El caluroso y singular país, tan diminuto como peleón, tan oriental como sorprendentemente occidental, parece haber tomado el relevo de megalópolis asiáticas como Tokio, Hong Kong o Shanghai que han convertido en un gran escaparate mundial sus neones y su apuesta por la verticalidad. Al igual que ellas, Singapur tiene una ilimitada capacidad de seducción. Por su pasado de colonia británica, por su apasionante mezcla de culturas china, malaya, tamil, con el inglés como otra lengua oficial, por su permanente colonia de trabajadores extranjeros, por su magnífica y variada gastronomía y por una fantasiosa propuesta arquitectónica que, planificada en atención a las compras, el consumo y el ocio, corre cierto riesgo de confundir el enclave con un gran parque temático.
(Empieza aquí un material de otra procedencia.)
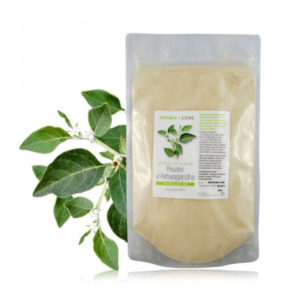 Αγιουβερδική σκόνη Aswhagandha φωτό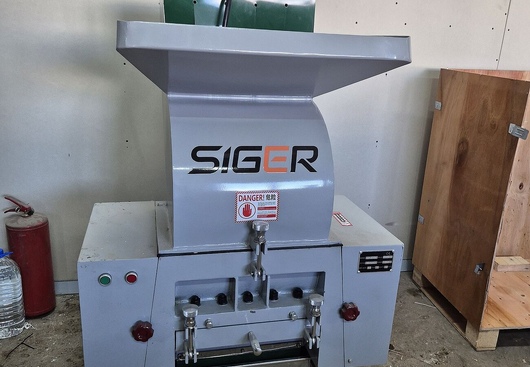 Осуществлена поставка дробилки Siger DY SC400 во Владимир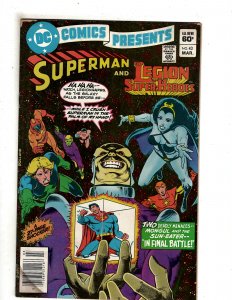 DC Comics Presents #43 (1982)  DC Comics Superman Flash OF6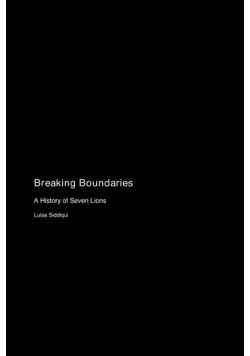 Breaking Boundaries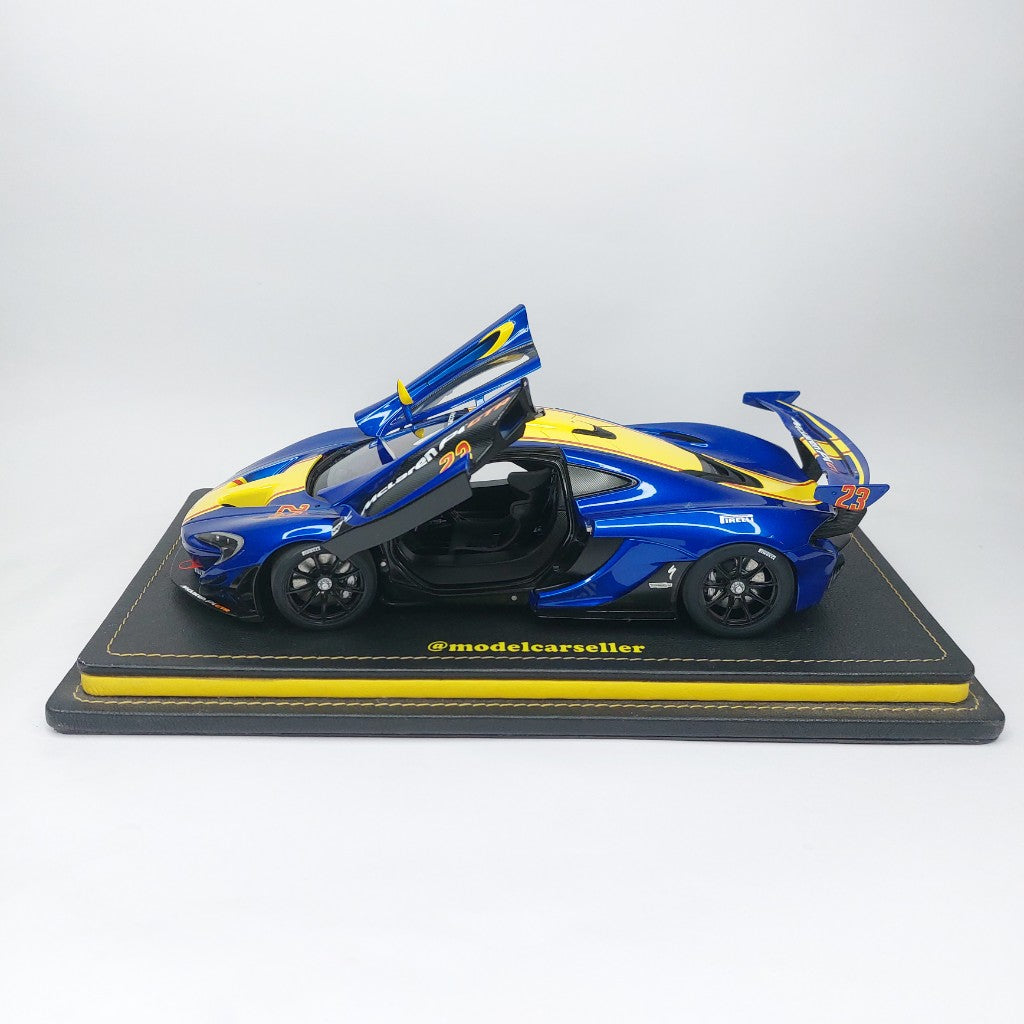 1:18 AutoArt Mclaren P1 GTR Diecast Scale Model Car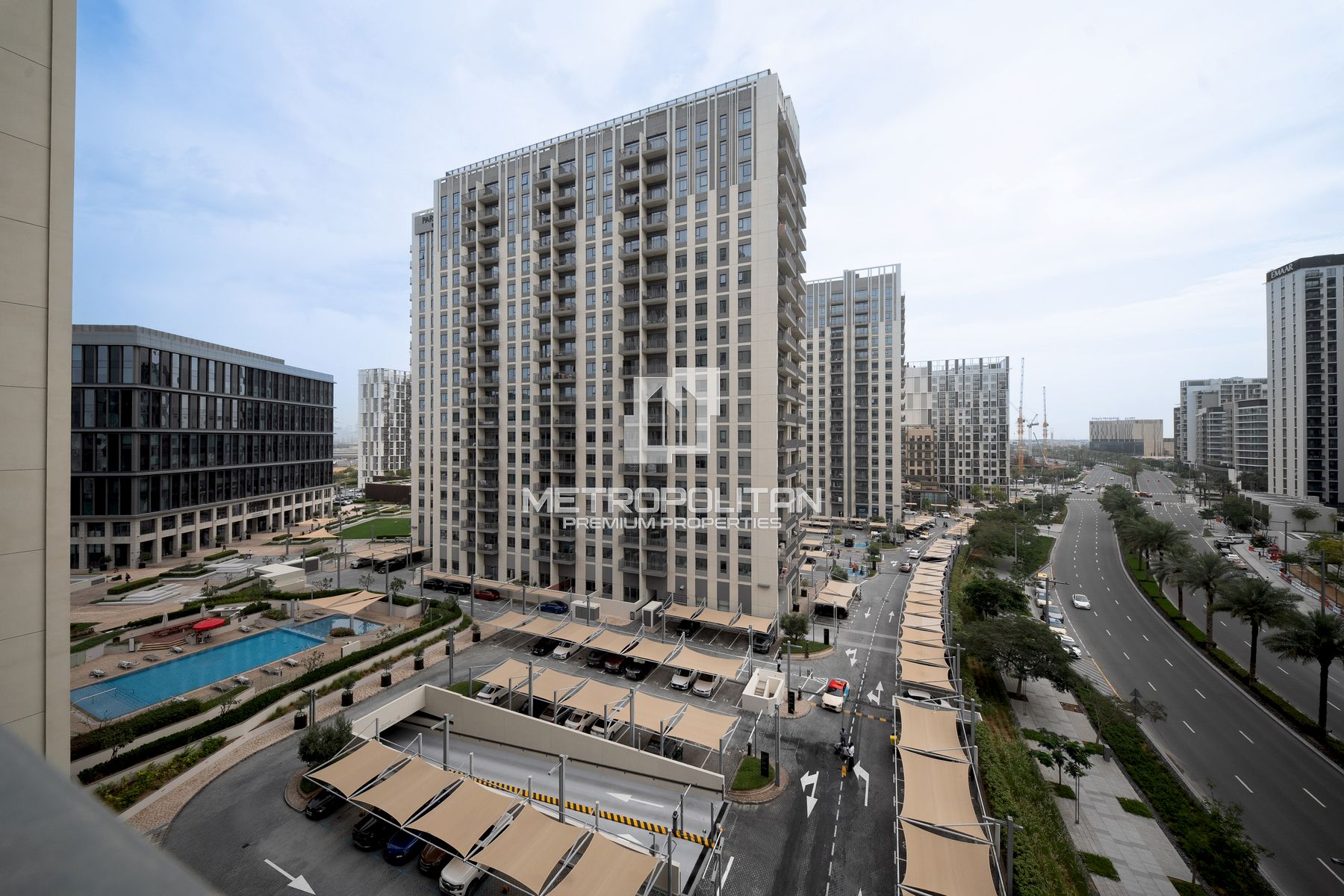 Image - Park Heights 1, Dubai Hills Estate, Dubai | Project - شقة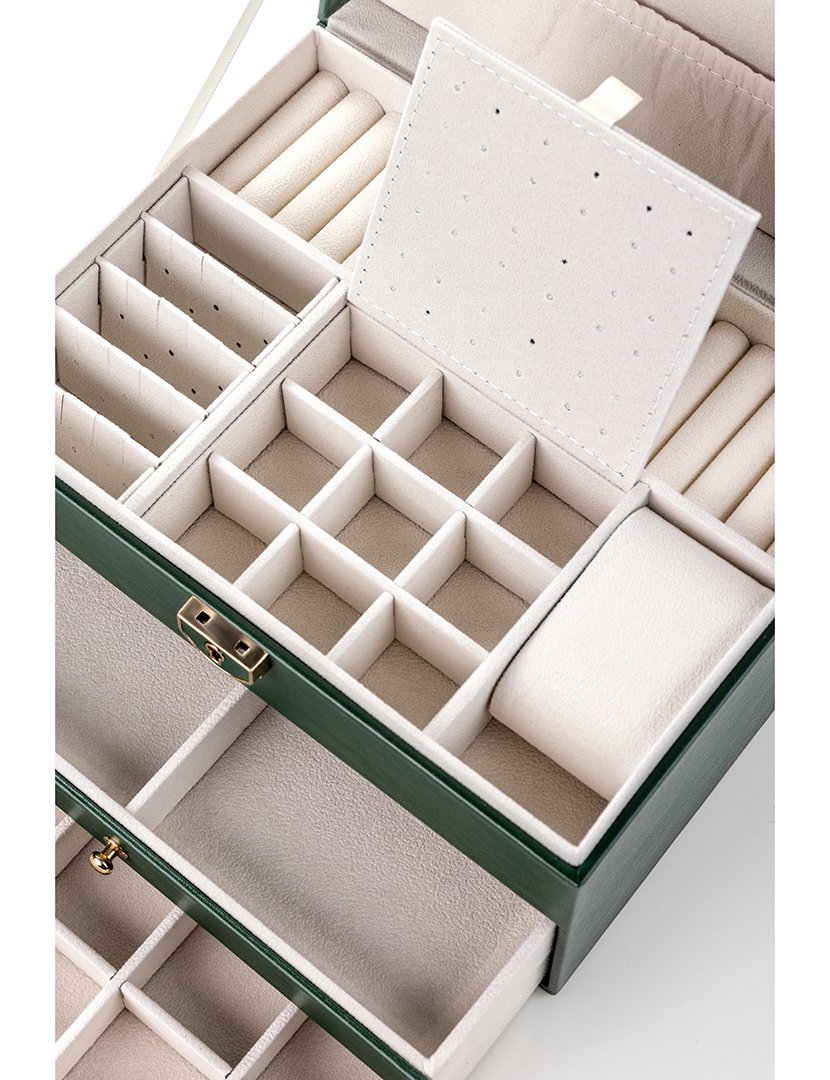 Caixa para Jóias Paris Verde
Es un lugar alucinante. Diseñado para abrir bien los ojos, sobre todo si se tiene en cuenta que mucho de lo que causa asombro no existía hace diez años.

El epicentro de esta sociedad que parece inmersa en una burbuja sin fin es Marina Bay. Los bólidos de Fórmula 1 derrapan en septiembre por allí y la han dado a conocer al mundo, atrayendo el tipo de turismo al que aspiraba Valencia. A su alrededor destacan los edificios más exclusivos, como el del hotel Ritz Carlton, que acaba de estrenar en su última planta, la 32, un espléndido Club Lounge para sus clientes más privilegiados, quienes disfrutan de un espacio privado de buffet, biblioteca y una sala para recibir visitas de negocios. Desde allí la panorámica es fascinante. Se pueden ver los partidos de un campo de fútbol flotante, al estilo de una pista de baile ubicada frente a la gran postal de los rascacielos, y, sobre todo, se puede captar la insolencia del Marina Bay Sands, ese megacasino que Adelson, el magnate que planea Eurovegas, hizo crecer donde antes había olas.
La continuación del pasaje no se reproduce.